### TASK MATERIAL:
========================================
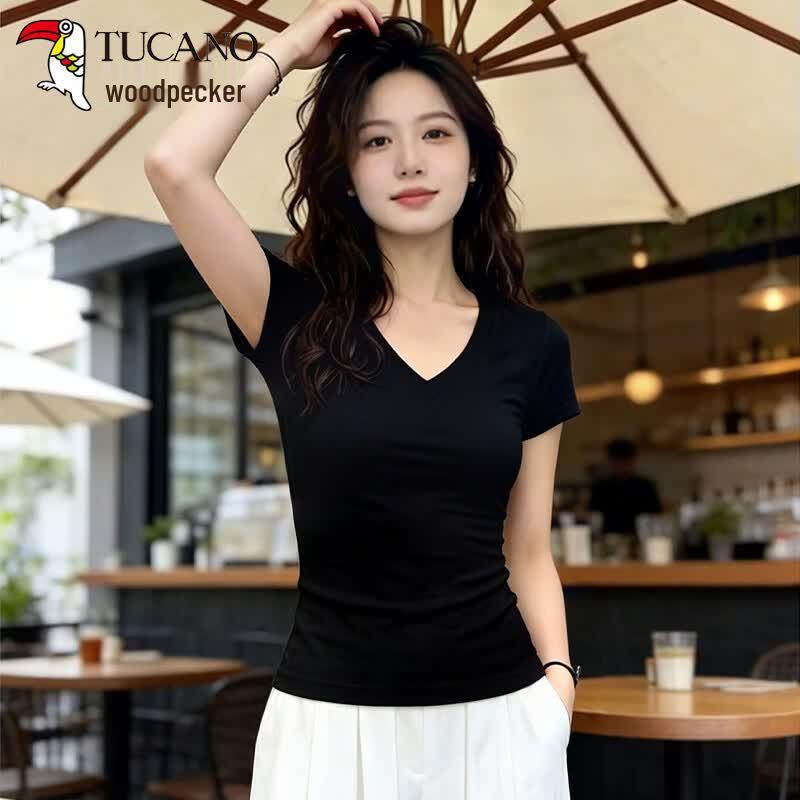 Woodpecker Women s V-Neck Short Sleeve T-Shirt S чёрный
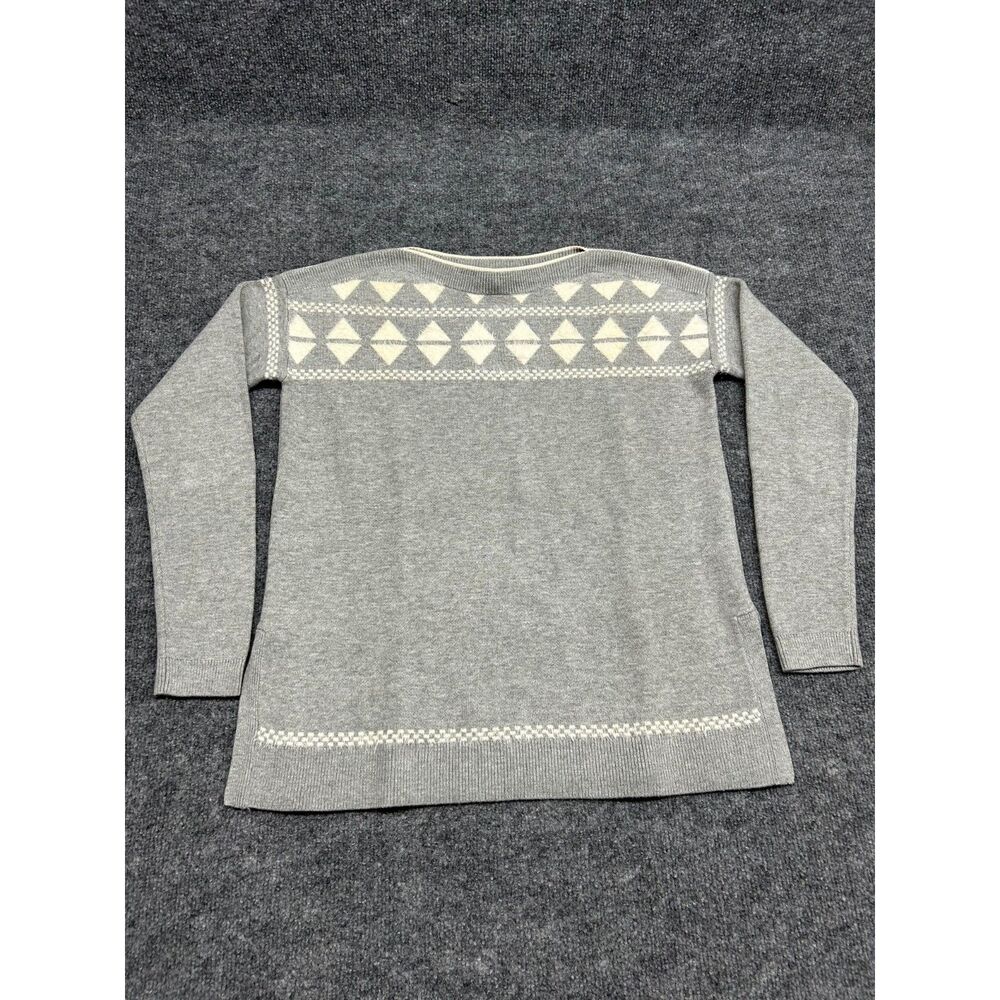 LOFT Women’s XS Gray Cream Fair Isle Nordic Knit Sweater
========================================
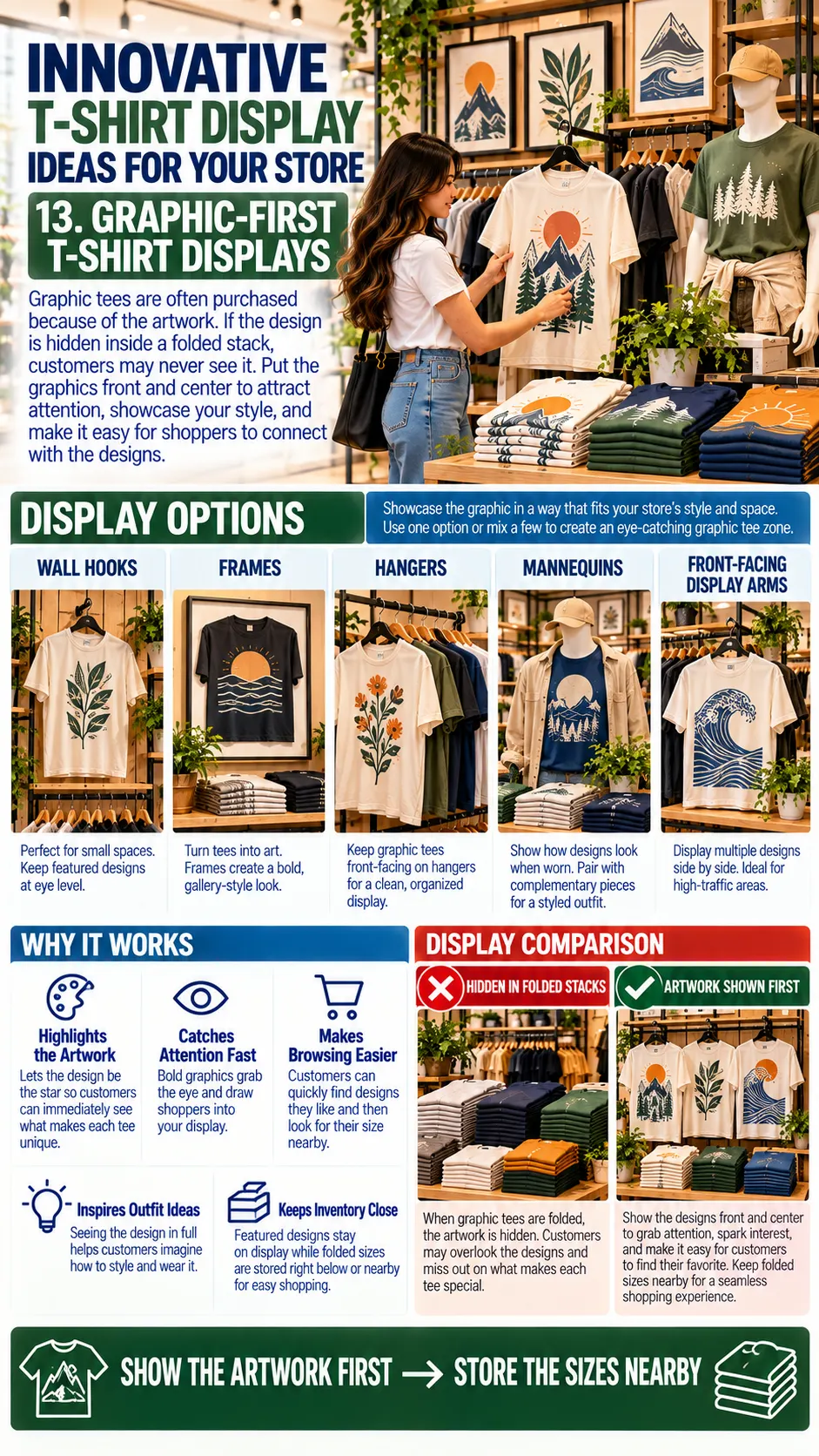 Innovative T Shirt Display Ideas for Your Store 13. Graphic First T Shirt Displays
========================================
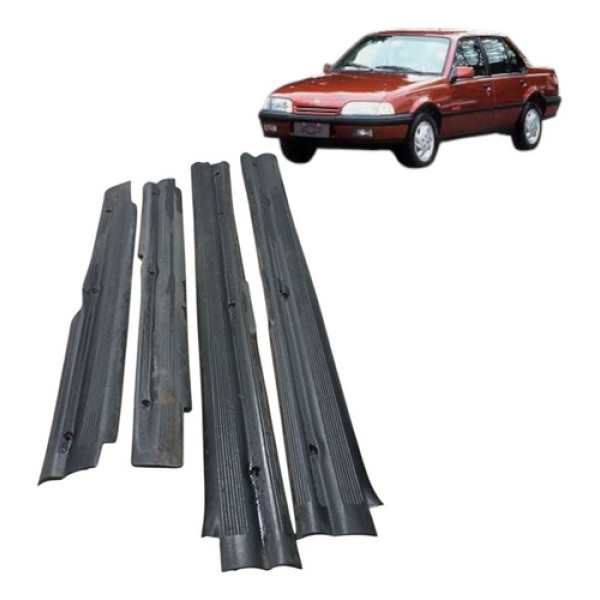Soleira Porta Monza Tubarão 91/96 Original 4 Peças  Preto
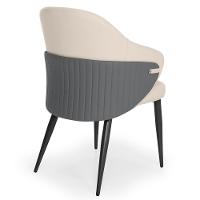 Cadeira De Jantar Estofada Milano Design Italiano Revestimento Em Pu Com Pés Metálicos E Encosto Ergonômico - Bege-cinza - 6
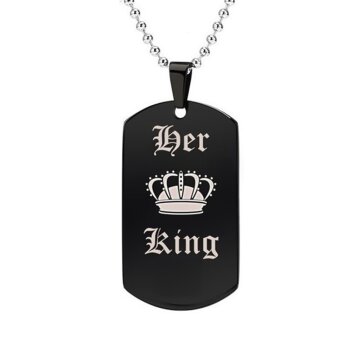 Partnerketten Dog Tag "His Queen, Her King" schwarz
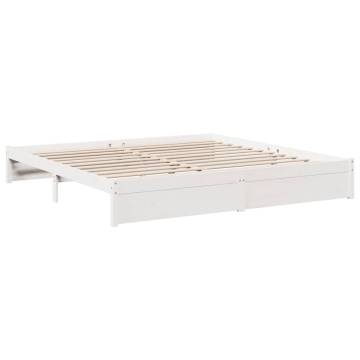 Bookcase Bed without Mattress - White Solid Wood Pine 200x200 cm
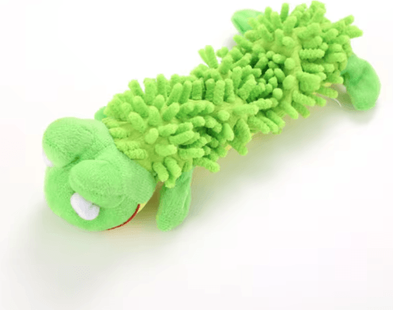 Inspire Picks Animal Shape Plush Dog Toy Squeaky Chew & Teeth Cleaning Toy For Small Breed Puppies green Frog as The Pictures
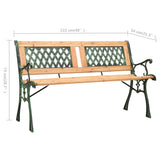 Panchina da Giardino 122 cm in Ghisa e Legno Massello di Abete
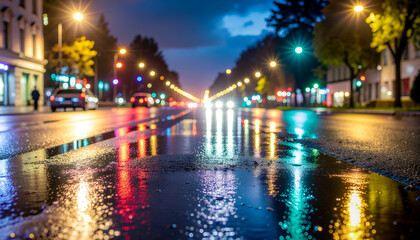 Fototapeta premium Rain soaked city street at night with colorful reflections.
========================================
### PROBLEM:
Between and including the line above that contains "Cadeira De Jantar" and the line that contains "Fototapeta premium Rain", restate every line word for word. Pictures stay out.

### ANSWER FOR THIS EXERCISE:
 Cadeira De Jantar Estofada Milano Design Italiano Revestimento Em Pu Com Pés Metálicos E Encosto Ergonômico - Bege-cinza - 6
 Partnerketten Dog Tag "His Queen, Her King" schwarz
 Bookcase Bed without Mattress - White Solid Wood Pine 200x200 cm
 Inspire Picks Animal Shape Plush Dog Toy Squeaky Chew & Teeth Cleaning Toy For Small Breed Puppies green Frog as The Pictures
 Panchina da Giardino 122 cm in Ghisa e Legno Massello di Abete
 Fototapeta premium Rain soaked city street at night with colorful reflections.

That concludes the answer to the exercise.